Embracing interdisciplinarity

As Freedman and her group focus on the highly specific work of designing custom molecules, she is keenly aware that tapping into the power of quantum science depends on the collective efforts of scientists from different fields.

“Quantum is a broad and heterogeneous field,” she says. She believes that attempts to define it narrowly hurt collective research—and that scientists must welcome collaboration when the research leads them beyond their own field. Even in the seemingly straightforward scenario of using a quantum computer to solve a chemistry problem, you would need a physicist to write a quantum algorithm, engineers and materials scientists to build the computer, and chemists to define the problem and identify how the quantum computer might solve it. 

MIT’s collaborative environment has helped Freedman connect with researchers in different disciplines, which she says has been instrumental in advancing her research. She’s recently spoken with neurobiologists who proposed problems that quantum sensing could potentially solve and provided helpful context for building the sensors. Looking ahead, she’s excited about the potential applications of quantum science in many scientific fields. “MIT is such a great place to nucleate a lot of these connections,” she says.

“As quantum expands, there are so many of these threads which are inherently interdisciplinary,” she says.

Inside the lab

Freedman’s lab in Building 6 is a beehive of creativity and collaboration. Against a backdrop of colorful flasks and beakers, researchers work together to synthesize molecules, analyze their structures, and unlock the secrets hidden within their intricate atomic arrangements.

“We are making new molecules and putting them together atom by atom to discover whether they have the properties we want,” says Christian Oswood, a postdoctoral fellow. 

Some sensitive molecules can only be made in the lab’s glove box, a nitrogen-filled transparent container that protects chemicals from oxygen and water in the ambient air. An example is an organometallic solution synthesized by one of Freedman’s graduate students, David Ullery, which takes the form of a vial of purple liquid. (“A lot of molecules have really pretty colors,” he says.)
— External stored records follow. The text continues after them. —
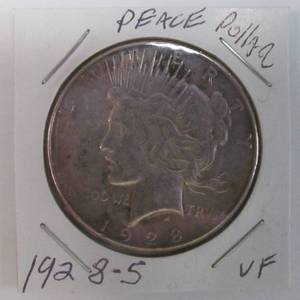 lot 46 image: Peace dollar coin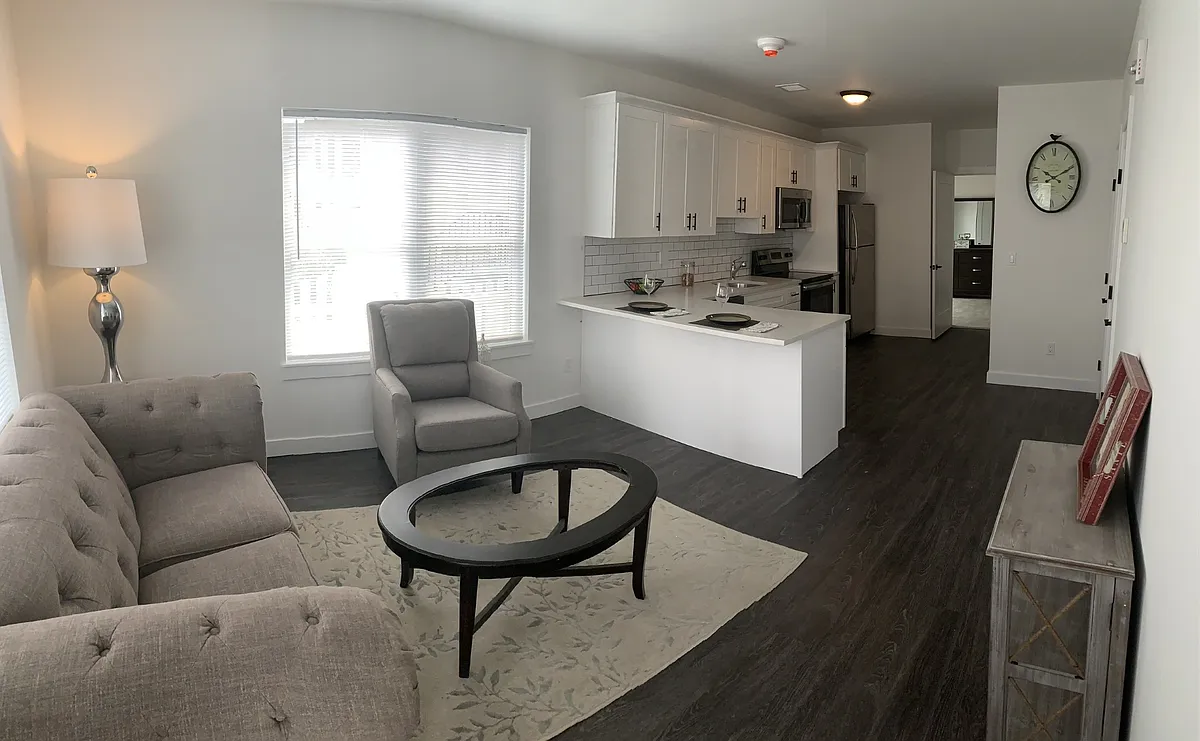 Building Photo - 64 Park Ave #2C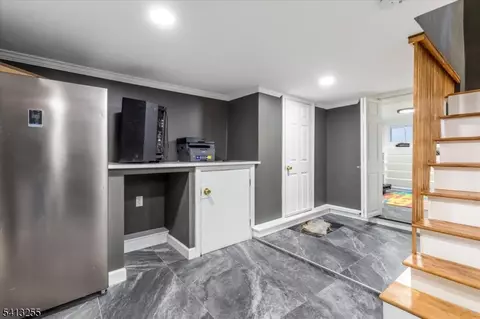 Entry Way - 9 Wayne Pl, Nutley, NJ 07110 photo 5 of 5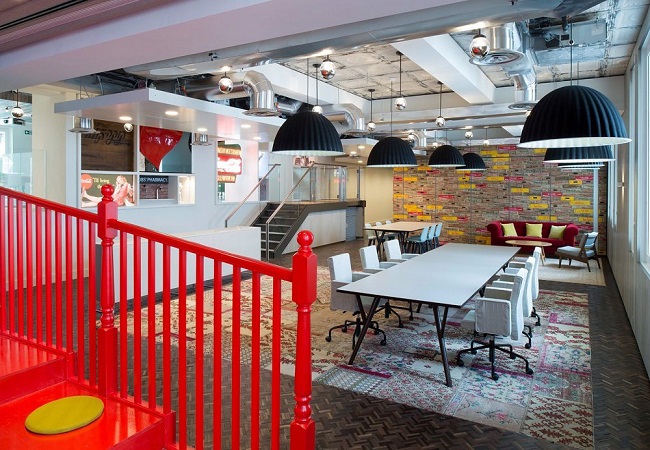 oficinas-coca-cola-rojo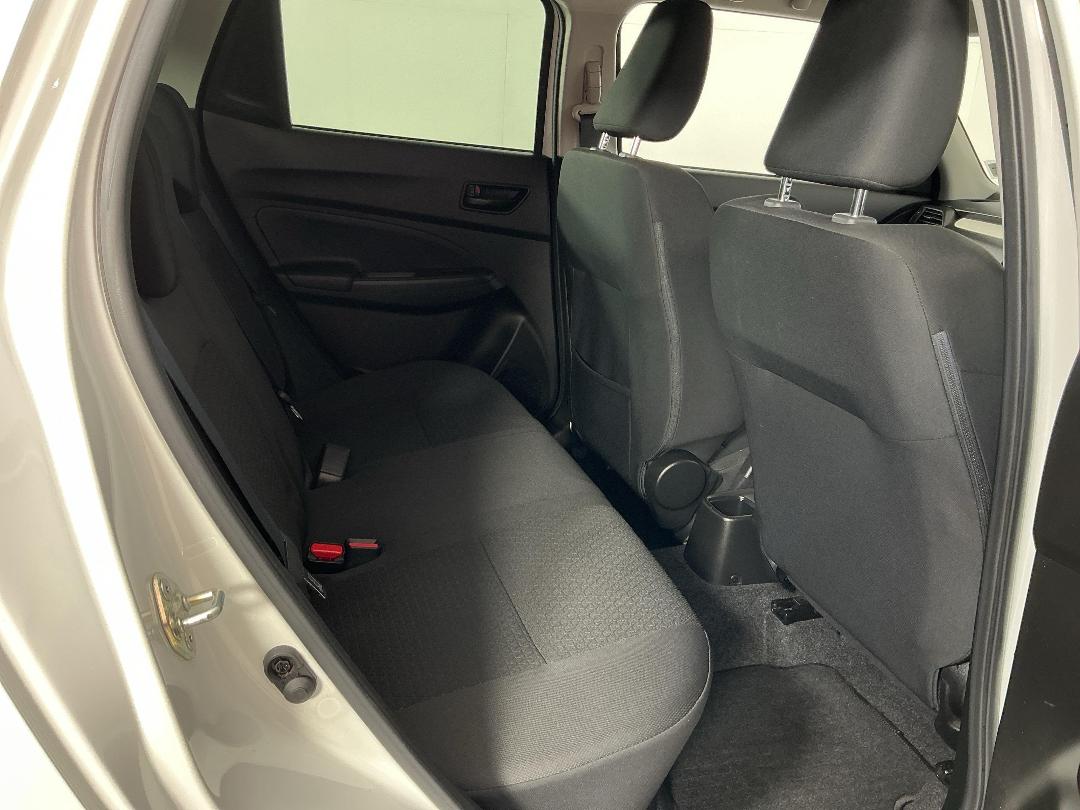 Photo '20' of Suzuki Swift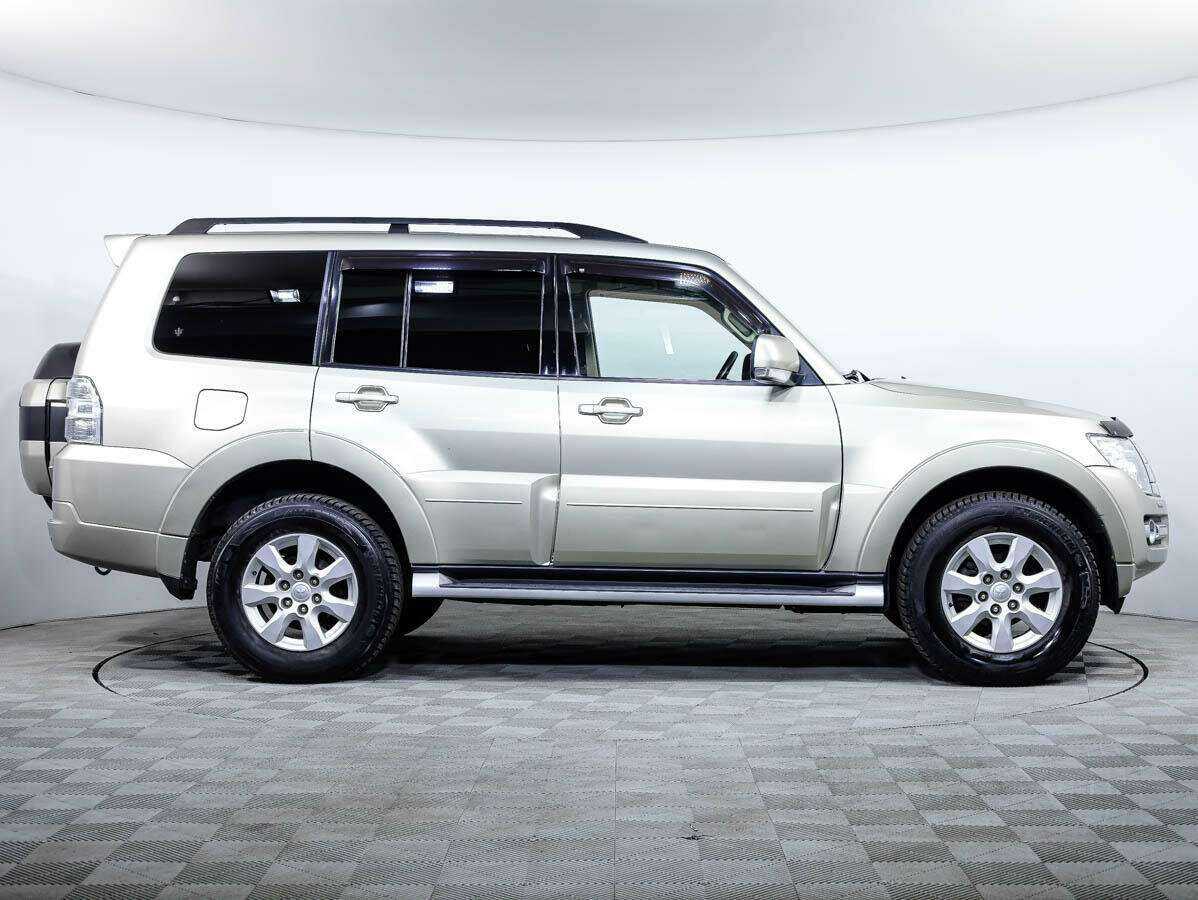Mitsubishi Pajero, 2014 - 132 703 км. | Фото №3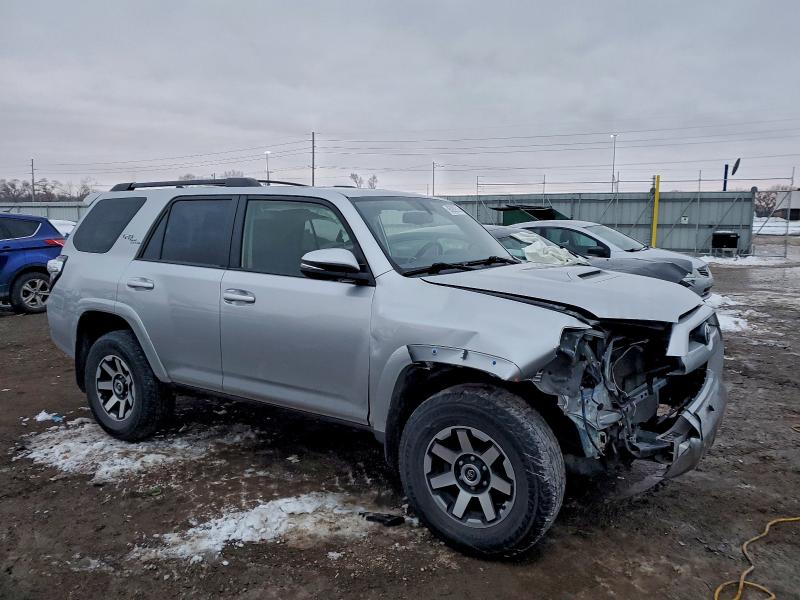 Photo 4 from auction – 2019 TOYOTA 4RUNNER SR with VIN JTEBU5JR0K5677476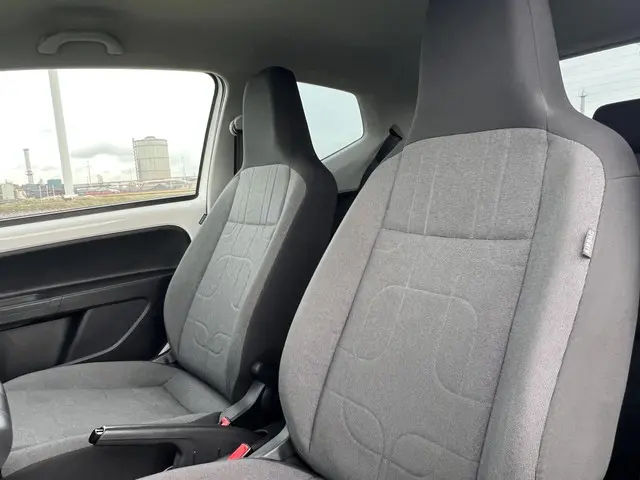 Volkswagen up! High Up! 2014 Benzine 13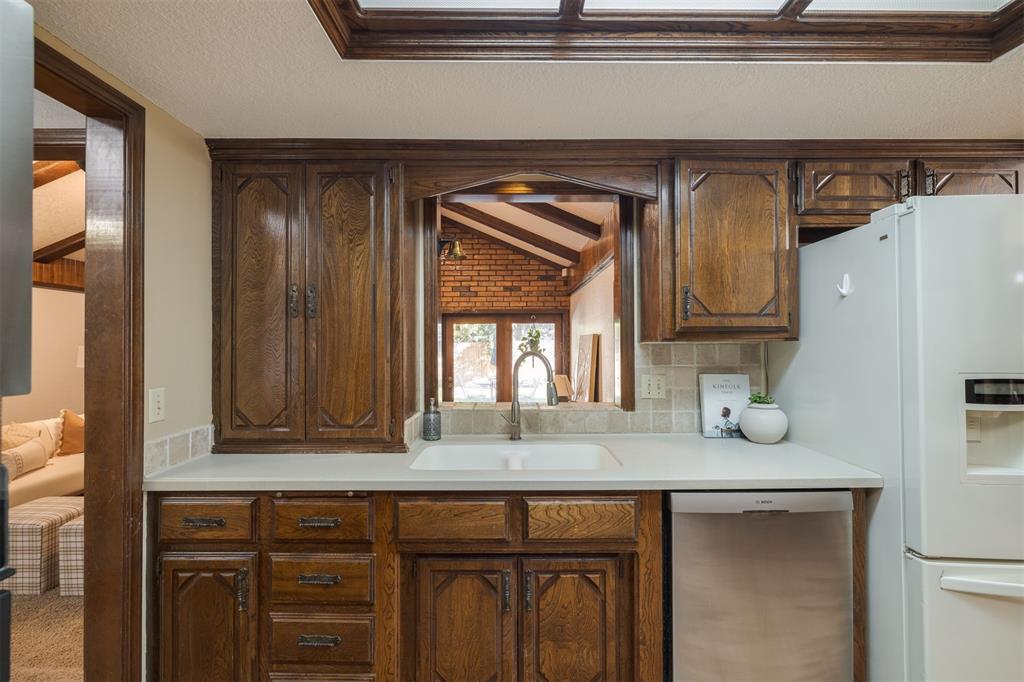 6101 Winchester Drive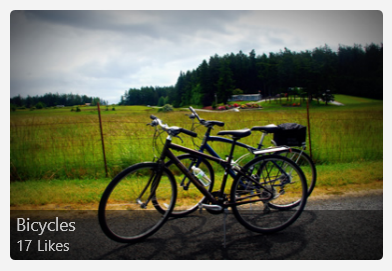 Une photo de vélos avec une superposition contenant le titre de l'image et le nombre de likes qu'elle a reçus.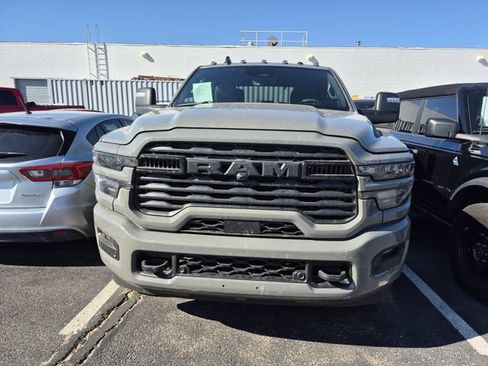 Used 2026 RAM 2500 Big Horn AWD/4WD image 2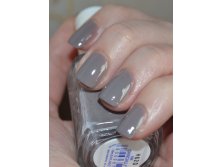 Essie 696 Chinchilly 2.jpg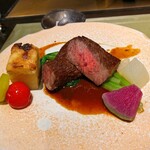 新上屋 - 国産牛ステーキ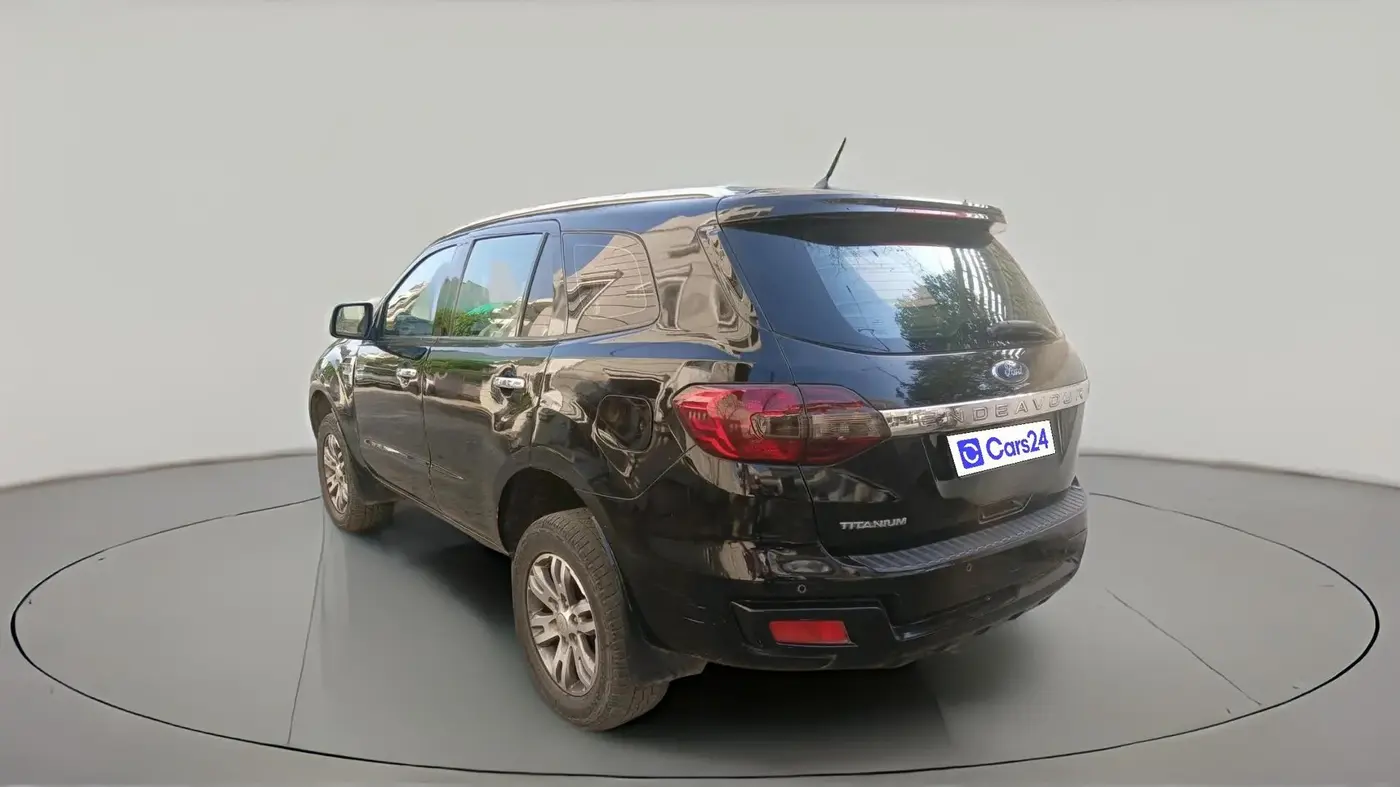 2017 Ford Endeavour TITANIUM 3.2 4X4 AT, Diesel, Automatic, 1,65,346 km, exterior
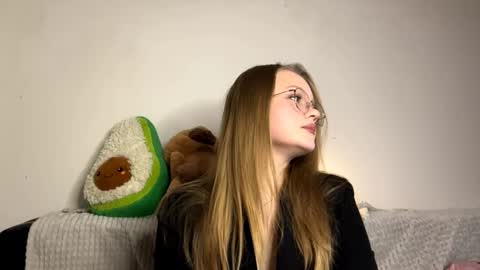 Elise online show from 12/01/25, 05:18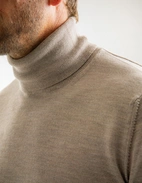 Roll Neck Merino Sand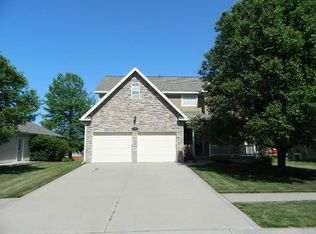 1905 N 160th St, Basehor, KS 66007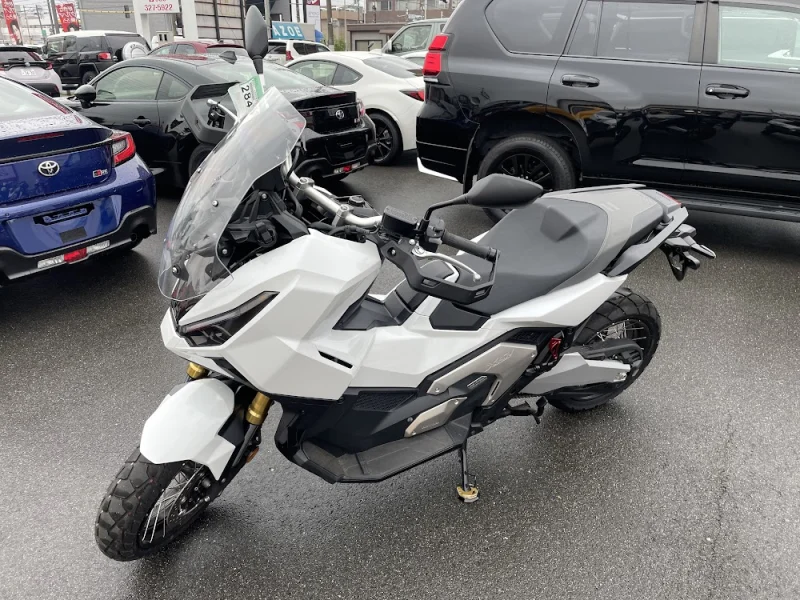 HONDA X-ADV V3 — stok WM90
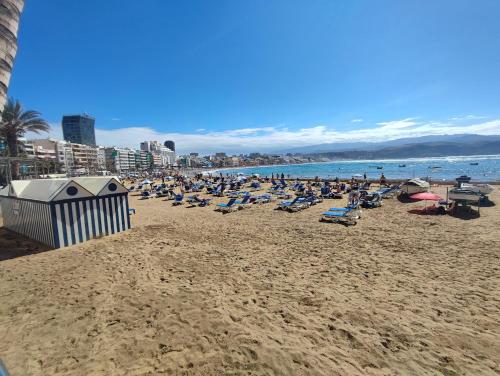 3 bedrooms, 4 beds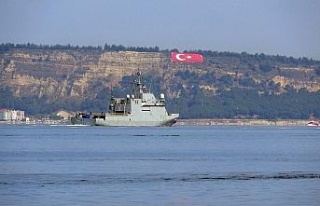 İspanya savaş gemisi Çanakkale Boğazı’ndan...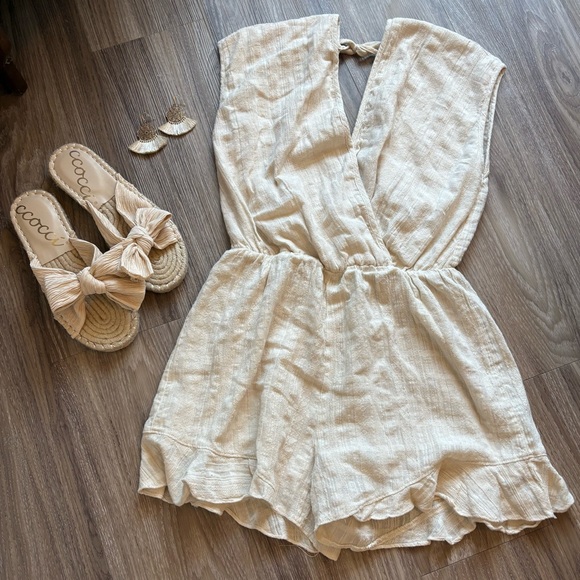 Cream Sleeveless Romper - Small, Espadrille Sandals 8.5/9 and Matching Earrings - Picture 1 of 4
Freedman is a passionate educator, dedicated to demystifying the complexities of chemistry for her students. Aware that many of them find the subject daunting, she strives to go beyond textbook equations.

Once synthesized, the molecules are taken to a single-crystal x-ray diffractometer a few floors below the Freedman lab. There, x-rays are directed at crystallized samples, and from the diffraction pattern, researchers can deduce their molecular structure—how the atoms connect. Studying the precise geometry of these synthesized molecules reveals how the structure affects their quantum properties, Oswood explains.

Researchers and students at the lab say Freedman’s cross-disciplinary outlook played a big role in drawing them to it. With a chemistry background and a special interest in physics, for example, Ullery joined because he was excited by the way Freedman’s research bridges those two fields. 

Crystals of an organometallic Cr(IV) complex. Freedman’s lab designed a series of molecules like this one to detect changes in a magnetic field.
COURTESY OF DANNA FREEDMAN

Others echo this sentiment. “The opportunity to be in a field that’s both new and expanding like quantum science, and attacking it from this specific angle, was exciting to me both intellectually and professionally,” says Oswood.

Another graduate student, Cindy Serena Ngompe Massado, says she enjoys being part of the lab because she gets to collaborate with scientists in other fields. “It allows you to really approach scientific challenges in a more holistic and productive way,” she says.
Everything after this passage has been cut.